(Brief):
Nothing but the line containing "Repechaje Liga MX" and the lines after it in the entries below should appear, each repeated exactly.

━━━

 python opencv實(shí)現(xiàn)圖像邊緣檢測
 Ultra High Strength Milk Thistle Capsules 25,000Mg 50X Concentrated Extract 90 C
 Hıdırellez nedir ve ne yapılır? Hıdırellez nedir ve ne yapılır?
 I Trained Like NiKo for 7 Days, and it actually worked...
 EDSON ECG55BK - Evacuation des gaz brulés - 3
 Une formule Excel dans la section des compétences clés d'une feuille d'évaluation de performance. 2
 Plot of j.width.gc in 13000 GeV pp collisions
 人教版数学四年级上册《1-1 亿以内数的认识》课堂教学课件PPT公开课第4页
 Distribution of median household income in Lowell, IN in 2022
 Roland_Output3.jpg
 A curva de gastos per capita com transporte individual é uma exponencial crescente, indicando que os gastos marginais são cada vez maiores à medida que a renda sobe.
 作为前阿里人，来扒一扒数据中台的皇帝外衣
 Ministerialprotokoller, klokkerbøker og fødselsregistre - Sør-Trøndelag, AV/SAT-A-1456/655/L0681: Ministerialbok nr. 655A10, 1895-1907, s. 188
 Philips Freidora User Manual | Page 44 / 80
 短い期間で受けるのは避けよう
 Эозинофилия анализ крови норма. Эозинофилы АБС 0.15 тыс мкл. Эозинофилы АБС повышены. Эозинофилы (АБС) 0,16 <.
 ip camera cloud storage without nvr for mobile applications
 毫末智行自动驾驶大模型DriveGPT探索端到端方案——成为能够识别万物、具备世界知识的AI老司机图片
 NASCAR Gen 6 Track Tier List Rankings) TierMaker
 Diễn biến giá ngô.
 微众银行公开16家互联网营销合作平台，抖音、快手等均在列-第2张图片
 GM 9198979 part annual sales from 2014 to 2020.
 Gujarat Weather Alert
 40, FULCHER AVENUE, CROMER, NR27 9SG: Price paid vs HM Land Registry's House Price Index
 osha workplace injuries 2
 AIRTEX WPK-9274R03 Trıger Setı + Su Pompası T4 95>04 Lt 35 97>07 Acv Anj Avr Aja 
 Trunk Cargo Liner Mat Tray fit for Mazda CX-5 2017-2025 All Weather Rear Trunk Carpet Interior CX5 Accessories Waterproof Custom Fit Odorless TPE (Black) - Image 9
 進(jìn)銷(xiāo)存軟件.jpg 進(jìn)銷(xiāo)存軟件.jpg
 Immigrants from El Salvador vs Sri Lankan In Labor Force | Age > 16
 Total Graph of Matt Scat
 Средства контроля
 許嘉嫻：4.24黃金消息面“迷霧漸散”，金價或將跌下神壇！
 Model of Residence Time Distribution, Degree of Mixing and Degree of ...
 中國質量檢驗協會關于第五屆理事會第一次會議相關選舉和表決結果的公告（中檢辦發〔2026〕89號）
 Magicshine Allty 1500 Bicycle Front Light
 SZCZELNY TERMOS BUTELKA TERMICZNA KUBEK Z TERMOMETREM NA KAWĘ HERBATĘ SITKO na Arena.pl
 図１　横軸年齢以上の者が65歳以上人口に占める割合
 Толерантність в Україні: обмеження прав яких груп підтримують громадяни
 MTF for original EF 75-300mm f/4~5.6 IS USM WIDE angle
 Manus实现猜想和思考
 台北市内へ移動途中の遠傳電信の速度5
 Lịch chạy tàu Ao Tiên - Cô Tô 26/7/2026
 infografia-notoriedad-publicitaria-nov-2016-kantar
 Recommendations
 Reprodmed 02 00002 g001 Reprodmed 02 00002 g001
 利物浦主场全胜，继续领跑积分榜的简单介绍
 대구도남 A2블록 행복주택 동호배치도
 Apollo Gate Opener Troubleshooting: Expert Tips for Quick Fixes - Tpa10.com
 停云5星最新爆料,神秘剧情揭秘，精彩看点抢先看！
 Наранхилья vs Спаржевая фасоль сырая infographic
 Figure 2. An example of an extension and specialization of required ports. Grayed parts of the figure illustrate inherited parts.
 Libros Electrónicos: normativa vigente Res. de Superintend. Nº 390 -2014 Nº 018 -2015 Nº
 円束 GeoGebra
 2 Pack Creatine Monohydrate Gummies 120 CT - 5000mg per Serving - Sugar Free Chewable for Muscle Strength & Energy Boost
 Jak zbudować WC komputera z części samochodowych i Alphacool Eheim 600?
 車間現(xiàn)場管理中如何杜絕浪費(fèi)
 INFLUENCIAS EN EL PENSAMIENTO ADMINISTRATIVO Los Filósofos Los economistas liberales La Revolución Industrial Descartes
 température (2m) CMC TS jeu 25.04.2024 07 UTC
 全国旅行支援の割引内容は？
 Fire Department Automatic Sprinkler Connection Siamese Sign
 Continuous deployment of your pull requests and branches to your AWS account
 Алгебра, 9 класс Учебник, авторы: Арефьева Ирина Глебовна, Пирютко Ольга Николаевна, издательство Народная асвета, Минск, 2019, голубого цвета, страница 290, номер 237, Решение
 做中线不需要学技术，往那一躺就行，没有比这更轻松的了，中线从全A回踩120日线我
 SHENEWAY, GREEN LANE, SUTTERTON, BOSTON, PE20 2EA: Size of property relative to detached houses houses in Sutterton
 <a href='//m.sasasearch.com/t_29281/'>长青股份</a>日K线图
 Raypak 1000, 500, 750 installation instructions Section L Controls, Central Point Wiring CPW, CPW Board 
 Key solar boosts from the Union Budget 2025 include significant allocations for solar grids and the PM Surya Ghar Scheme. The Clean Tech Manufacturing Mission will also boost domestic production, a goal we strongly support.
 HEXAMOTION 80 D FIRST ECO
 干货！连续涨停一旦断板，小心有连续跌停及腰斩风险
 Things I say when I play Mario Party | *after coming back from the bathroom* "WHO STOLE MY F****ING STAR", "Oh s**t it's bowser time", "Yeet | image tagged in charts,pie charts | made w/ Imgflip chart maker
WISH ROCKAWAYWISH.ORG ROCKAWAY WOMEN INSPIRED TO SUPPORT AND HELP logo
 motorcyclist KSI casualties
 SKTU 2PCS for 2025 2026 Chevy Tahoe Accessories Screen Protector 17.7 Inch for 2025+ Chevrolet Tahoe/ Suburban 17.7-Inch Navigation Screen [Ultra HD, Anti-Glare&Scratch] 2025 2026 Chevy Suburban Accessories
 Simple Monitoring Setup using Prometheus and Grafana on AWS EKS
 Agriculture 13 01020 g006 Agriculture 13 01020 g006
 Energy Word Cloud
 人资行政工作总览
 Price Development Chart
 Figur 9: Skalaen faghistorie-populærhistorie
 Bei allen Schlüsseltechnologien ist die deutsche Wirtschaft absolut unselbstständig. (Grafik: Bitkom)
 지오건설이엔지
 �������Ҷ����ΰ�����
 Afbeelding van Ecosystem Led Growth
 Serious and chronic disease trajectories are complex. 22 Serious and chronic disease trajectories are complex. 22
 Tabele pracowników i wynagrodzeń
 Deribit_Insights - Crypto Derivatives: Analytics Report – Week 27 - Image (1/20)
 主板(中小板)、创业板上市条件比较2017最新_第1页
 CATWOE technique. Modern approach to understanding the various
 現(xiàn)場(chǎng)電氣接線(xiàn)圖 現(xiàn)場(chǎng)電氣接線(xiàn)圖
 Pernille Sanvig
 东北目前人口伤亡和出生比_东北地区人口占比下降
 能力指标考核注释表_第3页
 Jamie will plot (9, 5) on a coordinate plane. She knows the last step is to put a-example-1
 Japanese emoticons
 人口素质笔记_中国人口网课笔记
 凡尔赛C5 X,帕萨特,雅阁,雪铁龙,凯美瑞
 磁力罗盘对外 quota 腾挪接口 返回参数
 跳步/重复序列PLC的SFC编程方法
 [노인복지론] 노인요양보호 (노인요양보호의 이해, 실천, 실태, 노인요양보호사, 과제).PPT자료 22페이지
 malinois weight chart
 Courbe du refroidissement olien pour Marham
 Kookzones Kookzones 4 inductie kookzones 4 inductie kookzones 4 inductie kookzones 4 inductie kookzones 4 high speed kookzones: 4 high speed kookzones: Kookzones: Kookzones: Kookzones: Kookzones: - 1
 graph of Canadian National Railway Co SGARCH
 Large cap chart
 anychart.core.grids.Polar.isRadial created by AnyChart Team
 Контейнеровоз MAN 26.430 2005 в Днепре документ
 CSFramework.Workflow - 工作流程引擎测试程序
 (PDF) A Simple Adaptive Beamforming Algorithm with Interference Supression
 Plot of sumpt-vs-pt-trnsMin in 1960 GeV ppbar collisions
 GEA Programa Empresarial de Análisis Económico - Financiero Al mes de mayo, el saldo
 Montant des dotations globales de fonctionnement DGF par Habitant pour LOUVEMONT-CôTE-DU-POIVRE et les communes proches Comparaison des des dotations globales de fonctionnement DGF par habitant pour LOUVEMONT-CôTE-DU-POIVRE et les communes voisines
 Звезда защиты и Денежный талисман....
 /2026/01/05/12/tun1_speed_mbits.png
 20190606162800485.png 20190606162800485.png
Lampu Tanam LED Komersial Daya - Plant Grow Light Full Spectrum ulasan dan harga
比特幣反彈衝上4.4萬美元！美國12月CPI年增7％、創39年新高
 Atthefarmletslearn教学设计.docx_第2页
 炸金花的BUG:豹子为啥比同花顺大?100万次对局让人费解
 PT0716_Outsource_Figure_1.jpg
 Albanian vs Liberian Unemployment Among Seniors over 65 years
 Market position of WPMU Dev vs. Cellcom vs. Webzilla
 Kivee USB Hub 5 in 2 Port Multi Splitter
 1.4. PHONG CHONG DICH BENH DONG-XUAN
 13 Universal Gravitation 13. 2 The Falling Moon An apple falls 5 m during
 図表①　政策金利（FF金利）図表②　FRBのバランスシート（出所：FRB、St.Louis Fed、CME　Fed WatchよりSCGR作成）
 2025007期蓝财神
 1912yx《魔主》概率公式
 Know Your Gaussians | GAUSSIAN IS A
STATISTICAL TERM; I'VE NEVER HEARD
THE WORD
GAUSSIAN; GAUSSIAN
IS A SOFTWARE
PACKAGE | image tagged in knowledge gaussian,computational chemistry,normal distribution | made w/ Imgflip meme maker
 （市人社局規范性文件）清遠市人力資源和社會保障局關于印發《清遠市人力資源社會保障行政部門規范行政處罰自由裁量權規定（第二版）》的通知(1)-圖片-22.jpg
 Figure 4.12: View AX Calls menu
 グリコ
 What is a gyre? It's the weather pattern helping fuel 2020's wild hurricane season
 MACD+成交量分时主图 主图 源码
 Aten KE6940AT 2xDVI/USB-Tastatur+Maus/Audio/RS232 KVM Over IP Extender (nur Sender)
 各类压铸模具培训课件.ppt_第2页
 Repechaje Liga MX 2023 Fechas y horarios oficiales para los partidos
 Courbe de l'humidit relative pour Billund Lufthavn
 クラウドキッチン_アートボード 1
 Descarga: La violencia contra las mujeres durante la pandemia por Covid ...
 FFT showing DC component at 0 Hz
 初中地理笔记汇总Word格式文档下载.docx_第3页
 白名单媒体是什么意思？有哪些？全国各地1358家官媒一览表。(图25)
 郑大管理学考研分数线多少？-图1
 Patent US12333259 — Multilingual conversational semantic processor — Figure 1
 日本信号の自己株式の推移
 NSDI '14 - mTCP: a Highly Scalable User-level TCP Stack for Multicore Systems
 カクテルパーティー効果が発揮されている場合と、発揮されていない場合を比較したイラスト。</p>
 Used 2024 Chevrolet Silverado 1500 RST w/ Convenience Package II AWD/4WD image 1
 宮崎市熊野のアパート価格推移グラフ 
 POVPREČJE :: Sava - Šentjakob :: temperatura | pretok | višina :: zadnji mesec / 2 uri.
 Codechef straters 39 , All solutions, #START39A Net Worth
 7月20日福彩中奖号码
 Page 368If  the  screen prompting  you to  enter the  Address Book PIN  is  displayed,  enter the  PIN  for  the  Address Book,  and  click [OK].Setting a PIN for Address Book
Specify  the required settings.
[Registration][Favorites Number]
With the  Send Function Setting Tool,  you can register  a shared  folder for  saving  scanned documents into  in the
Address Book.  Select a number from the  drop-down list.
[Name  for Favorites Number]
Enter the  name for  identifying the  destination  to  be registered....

━━━

(Answer box):
 Repechaje Liga MX 2023 Fechas y horarios oficiales para los partidos
 Courbe de l'humidit relative pour Billund Lufthavn
 クラウドキッチン_アートボード 1
 Descarga: La violencia contra las mujeres durante la pandemia por Covid ...
 FFT showing DC component at 0 Hz
 初中地理笔记汇总Word格式文档下载.docx_第3页
 白名单媒体是什么意思？有哪些？全国各地1358家官媒一览表。(图25)
 郑大管理学考研分数线多少？-图1
 Patent US12333259 — Multilingual conversational semantic processor — Figure 1
 日本信号の自己株式の推移
 NSDI '14 - mTCP: a Highly Scalable User-level TCP Stack for Multicore Systems
 カクテルパーティー効果が発揮されている場合と、発揮されていない場合を比較したイラスト。</p>
 Used 2024 Chevrolet Silverado 1500 RST w/ Convenience Package II AWD/4WD image 1
 宮崎市熊野のアパート価格推移グラフ 
 POVPREČJE :: Sava - Šentjakob :: temperatura | pretok | višina :: zadnji mesec / 2 uri.
 Codechef straters 39 , All solutions, #START39A Net Worth
 7月20日福彩中奖号码
 Page 368If  the  screen prompting  you to  enter the  Address Book PIN  is  displayed,  enter the  PIN  for  the  Address Book,  and  click [OK].Setting a PIN for Address Book
Specify  the required settings.
[Registration][Favorites Number]
With the  Send Function Setting Tool,  you can register  a shared  folder for  saving  scanned documents into  in the
Address Book.  Select a number from the  drop-down list.
[Name  for Favorites Number]
Enter the  name for  identifying the  destination  to  be registered....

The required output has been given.